WHAT YOU HAVE TO DO | Could all of the entries be written out exactly, with any pictures omitted?

(Scraped caption text data)
----------

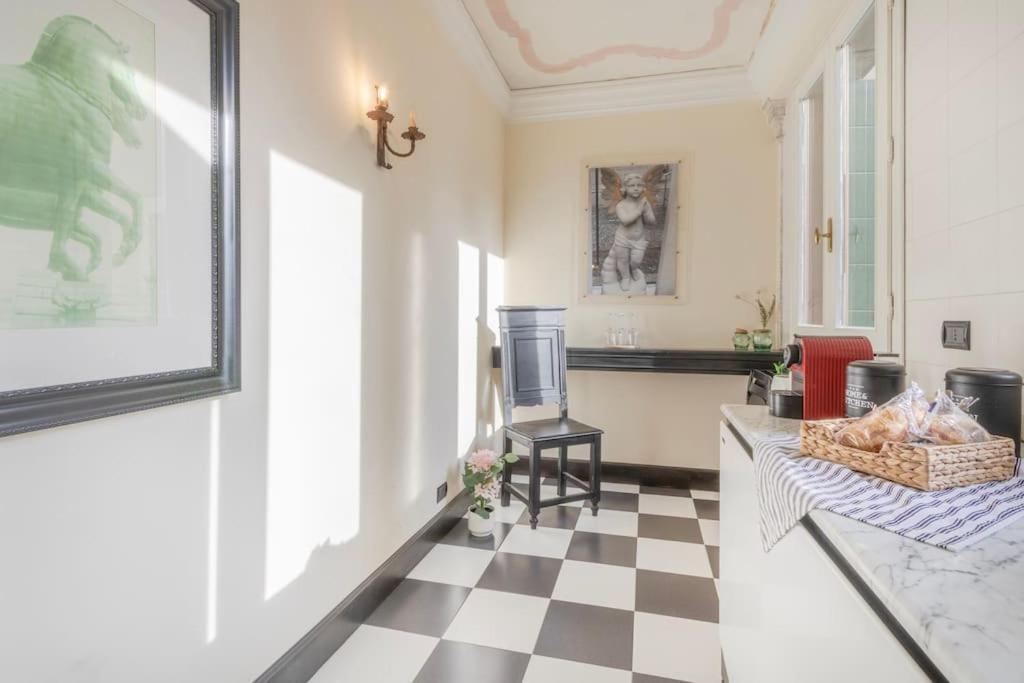 Canal View Luxury Heritage Retreat 2 Bedroom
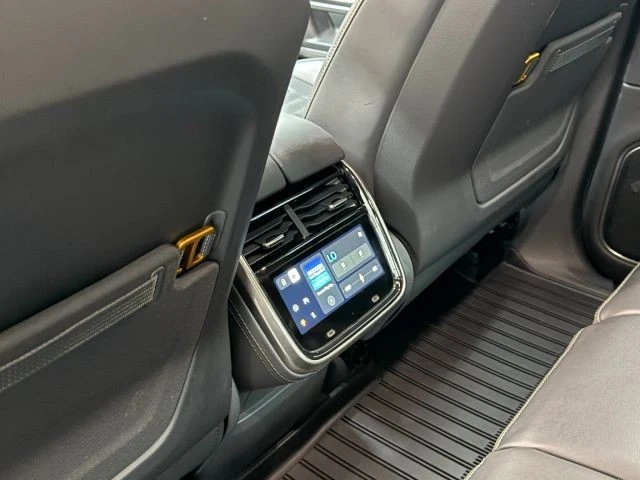 2023 Rivian R1T - Image 26 of 31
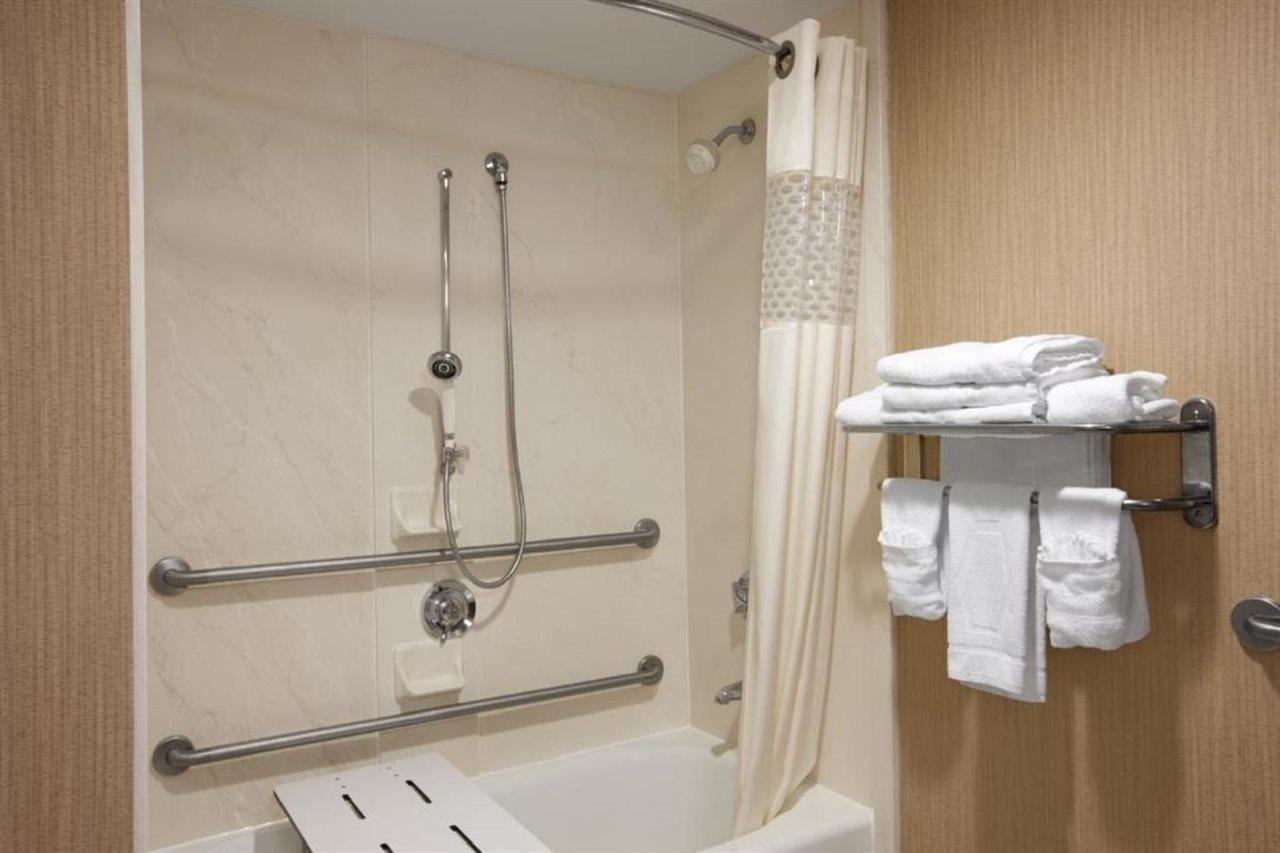 Hampton Inn Cambridge Bagian luar foto
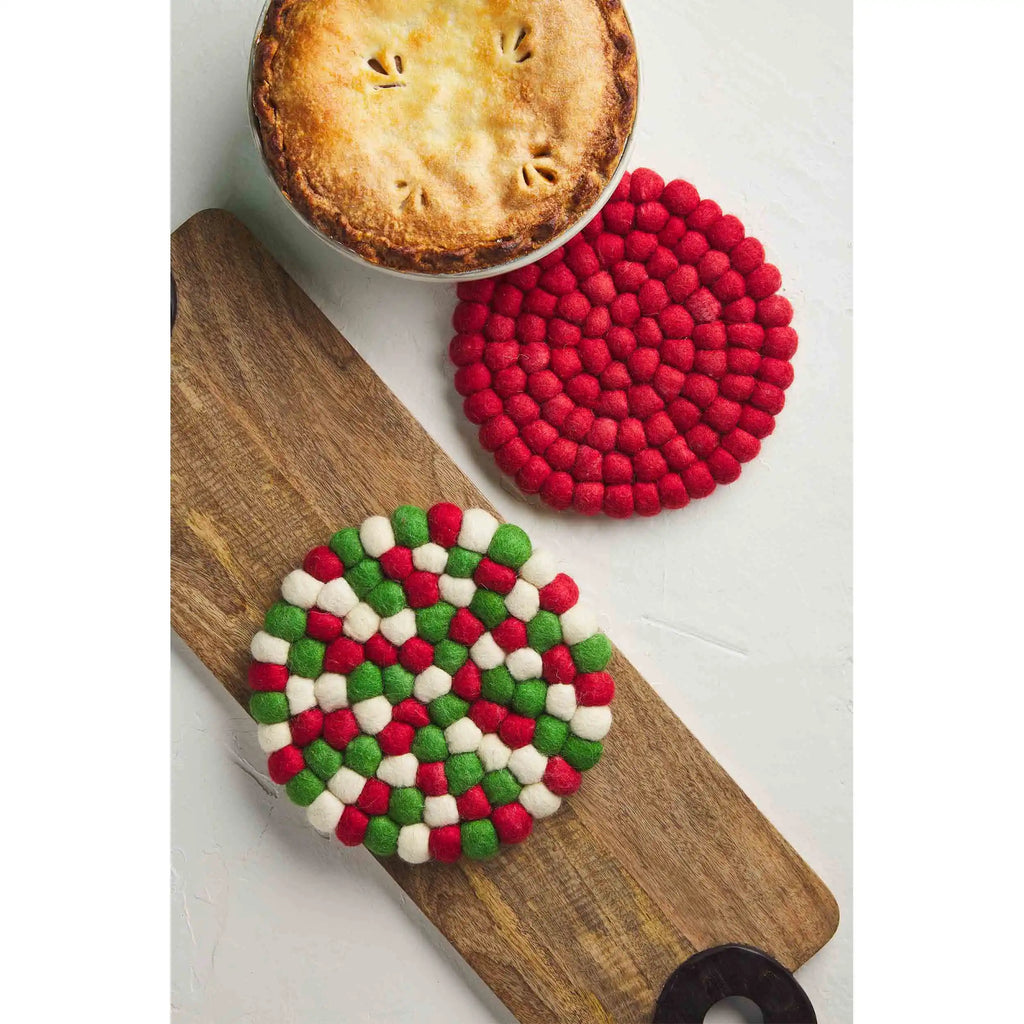 Christmas Pom Trivet Mud Pie-Mud pie-The Bugs Ear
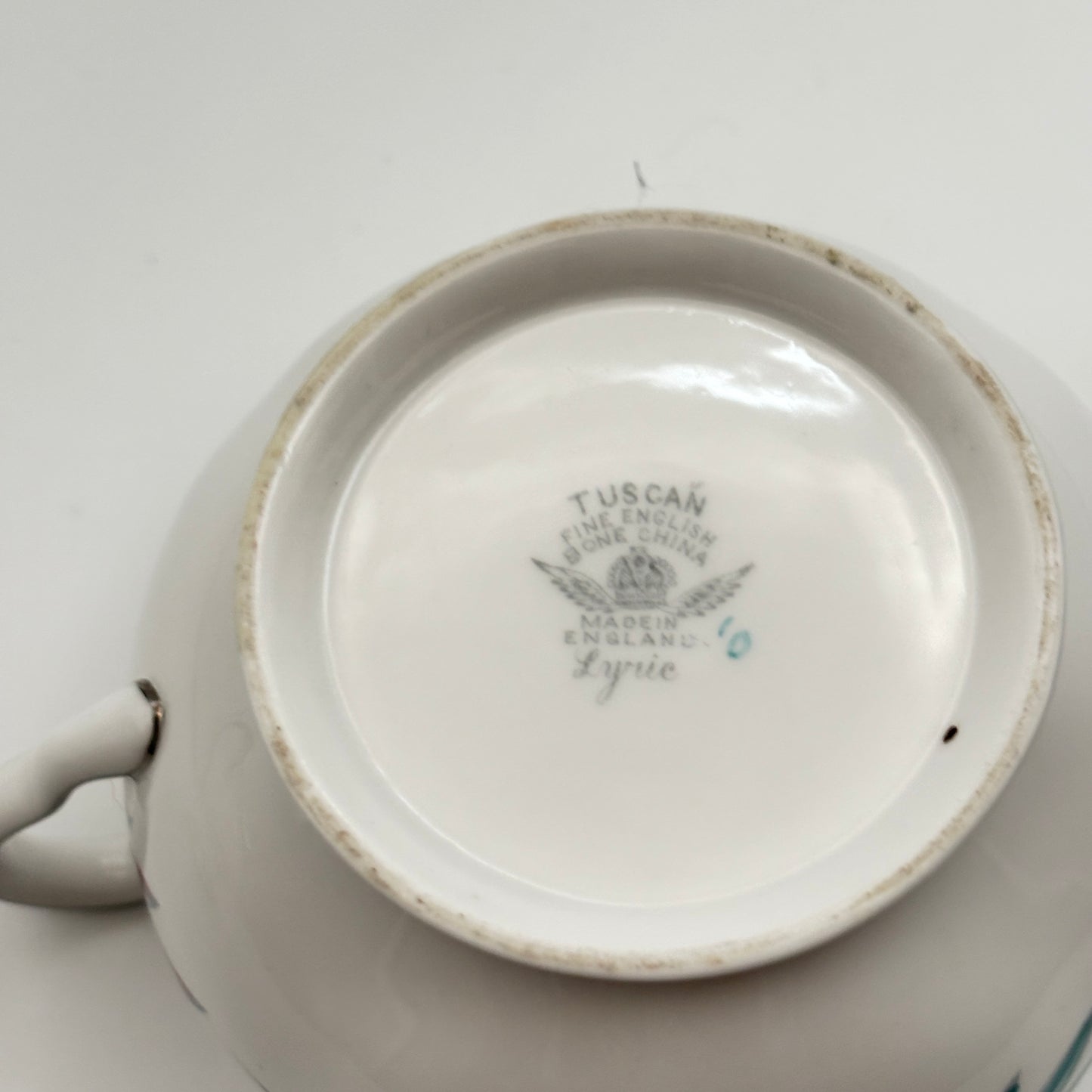 Tuscan Lyric Cream and Lidded Sugar Bowl Set Bone China Made In England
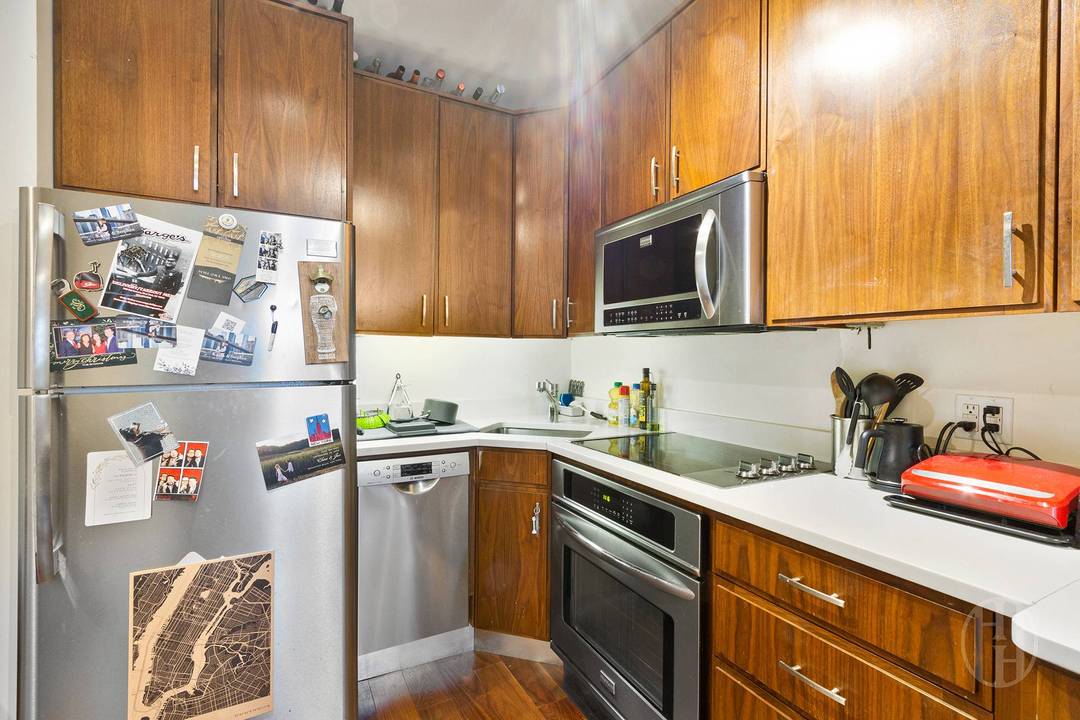 This floor through unit, within the bustling neighborhood of Murray Hill is sure to impress as it features modern finishes and fixtures throughout, as well as all that you could ...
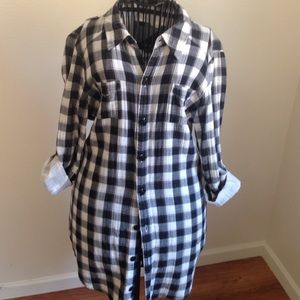 Volcom flannel shirt. Size M.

----------

RESPONSE AREA |
 Canal View Luxury Heritage Retreat 2 Bedroom
 2023 Rivian R1T - Image 26 of 31
 Hampton Inn Cambridge Bagian luar foto
 Christmas Pom Trivet Mud Pie-Mud pie-The Bugs Ear
 Tuscan Lyric Cream and Lidded Sugar Bowl Set Bone China Made In England
 This floor through unit, within the bustling neighborhood of Murray Hill is sure to impress as it features modern finishes and fixtures throughout, as well as all that you could ...
 Volcom flannel shirt. Size M.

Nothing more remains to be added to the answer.